> [Supplied records]:
——

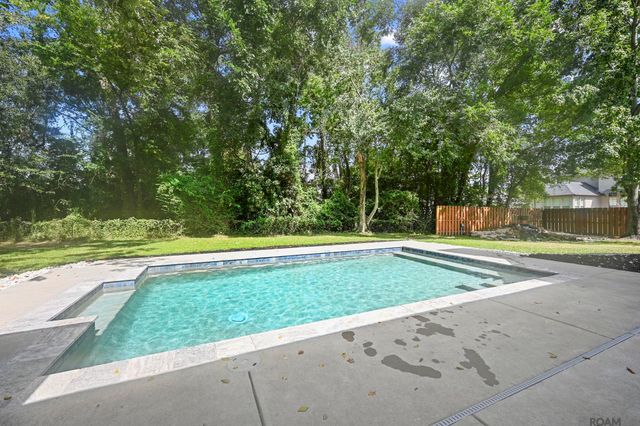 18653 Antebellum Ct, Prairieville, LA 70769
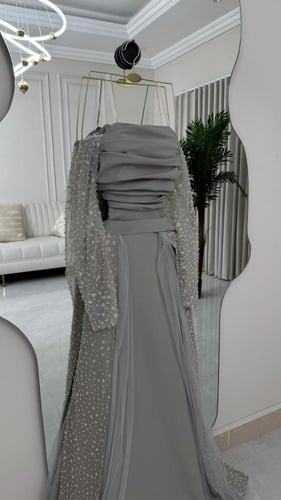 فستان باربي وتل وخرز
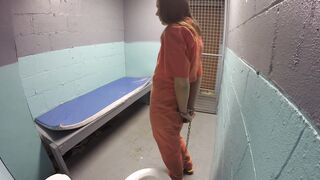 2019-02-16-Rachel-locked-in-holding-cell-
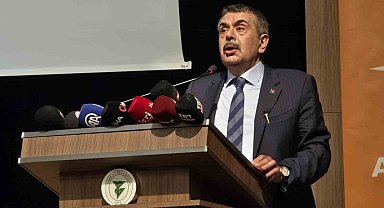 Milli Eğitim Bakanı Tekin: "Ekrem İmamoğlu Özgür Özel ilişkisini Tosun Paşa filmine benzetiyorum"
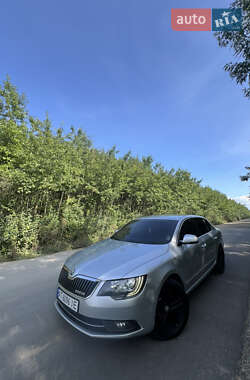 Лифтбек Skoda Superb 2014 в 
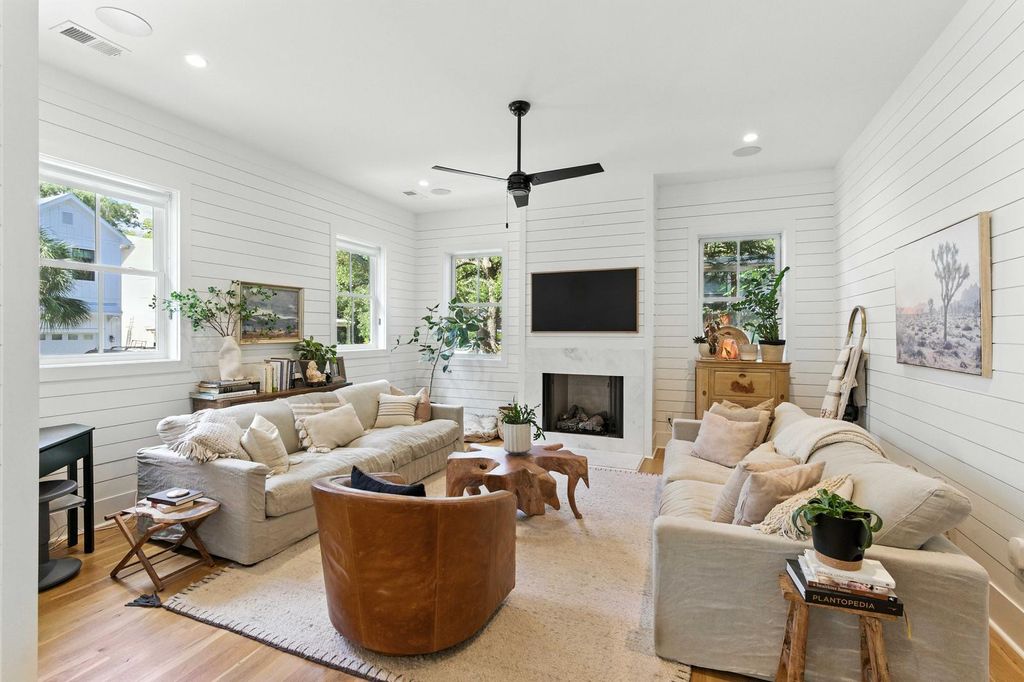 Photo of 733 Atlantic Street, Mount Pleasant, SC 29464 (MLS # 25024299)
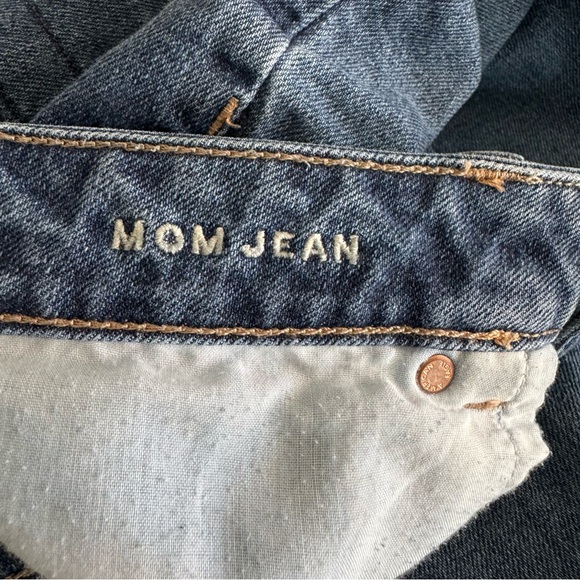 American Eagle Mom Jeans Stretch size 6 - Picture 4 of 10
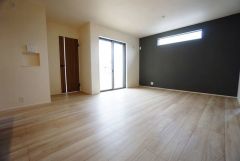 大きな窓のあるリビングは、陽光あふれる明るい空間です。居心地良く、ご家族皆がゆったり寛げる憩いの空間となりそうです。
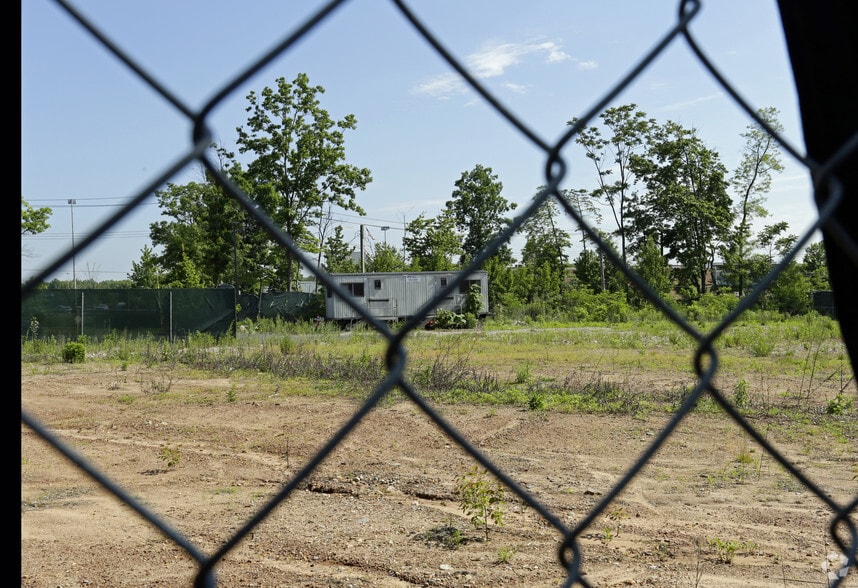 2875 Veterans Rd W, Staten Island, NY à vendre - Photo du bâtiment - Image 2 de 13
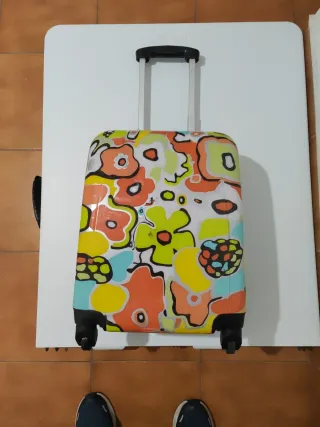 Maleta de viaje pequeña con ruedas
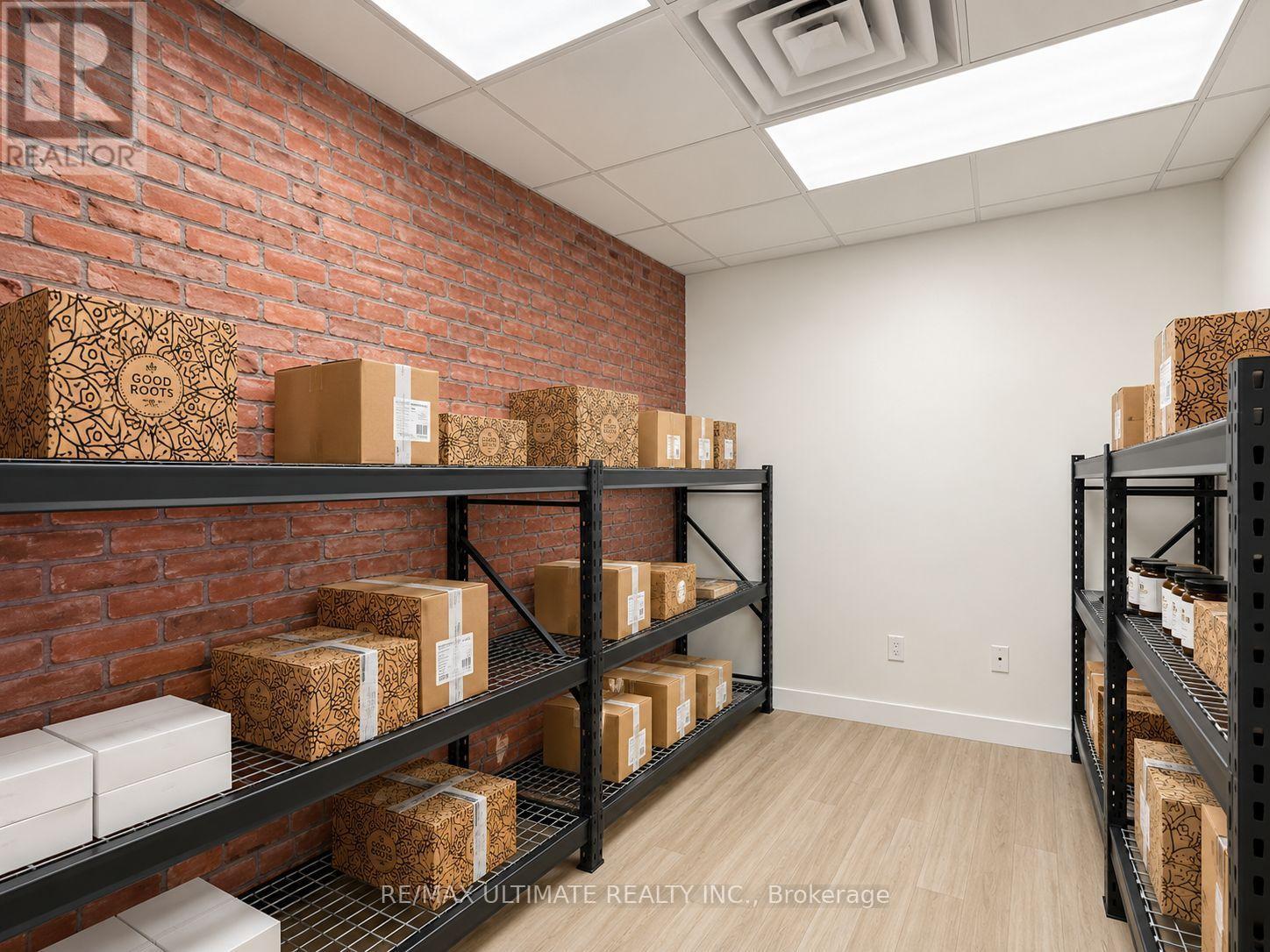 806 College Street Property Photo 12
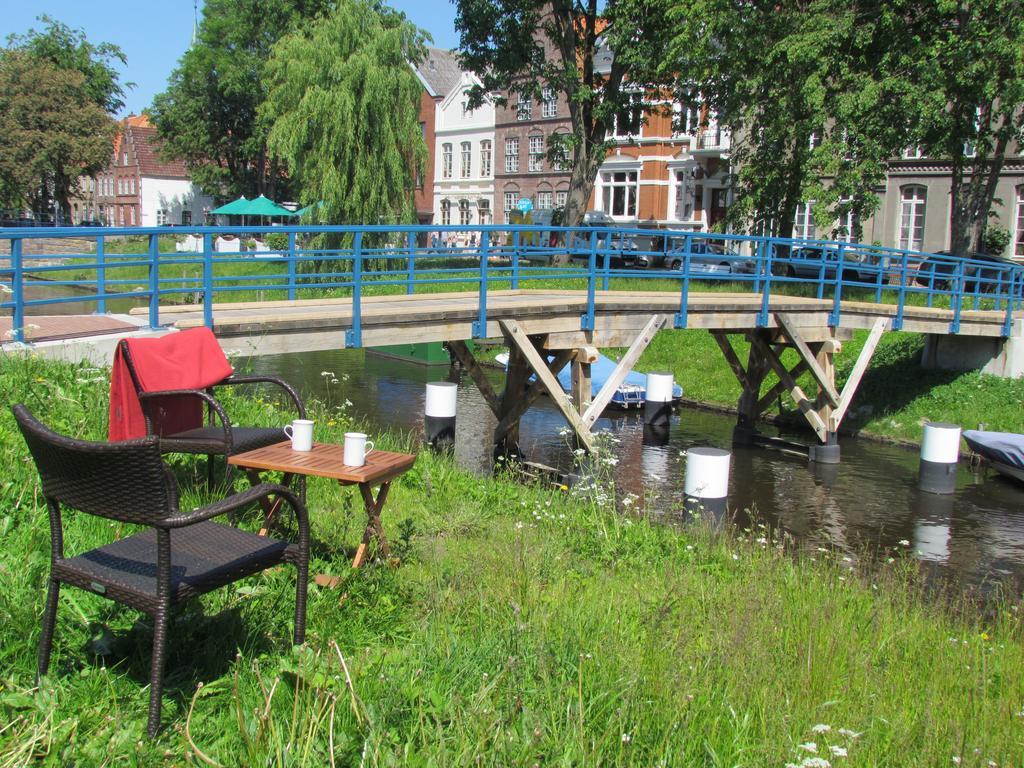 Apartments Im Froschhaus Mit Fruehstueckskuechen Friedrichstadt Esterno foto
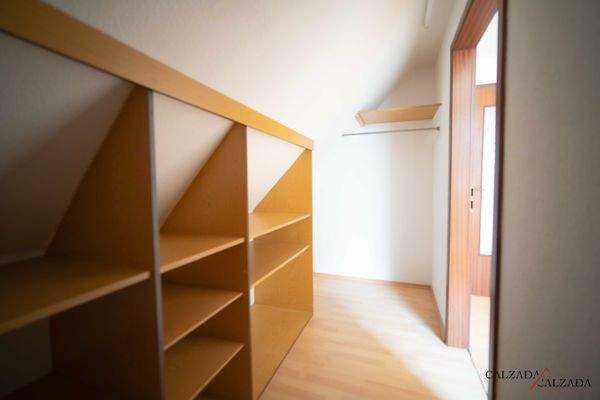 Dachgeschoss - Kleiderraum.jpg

——

> [Problem to solve]: Would you copy the lines above exactly, starting with the one that has "Milli Eğitim Bakanı" and ending with the one that has "大きな窓のあるリビングは、陽", both included, without the pictures?

> [Solution]:
 Milli Eğitim Bakanı Tekin: "Ekrem İmamoğlu Özgür Özel ilişkisini Tosun Paşa filmine benzetiyorum"
 Лифтбек Skoda Superb 2014 в 
 Photo of 733 Atlantic Street, Mount Pleasant, SC 29464 (MLS # 25024299)
 American Eagle Mom Jeans Stretch size 6 - Picture 4 of 10
 大きな窓のあるリビングは、陽光あふれる明るい空間です。居心地良く、ご家族皆がゆったり寛げる憩いの空間となりそうです。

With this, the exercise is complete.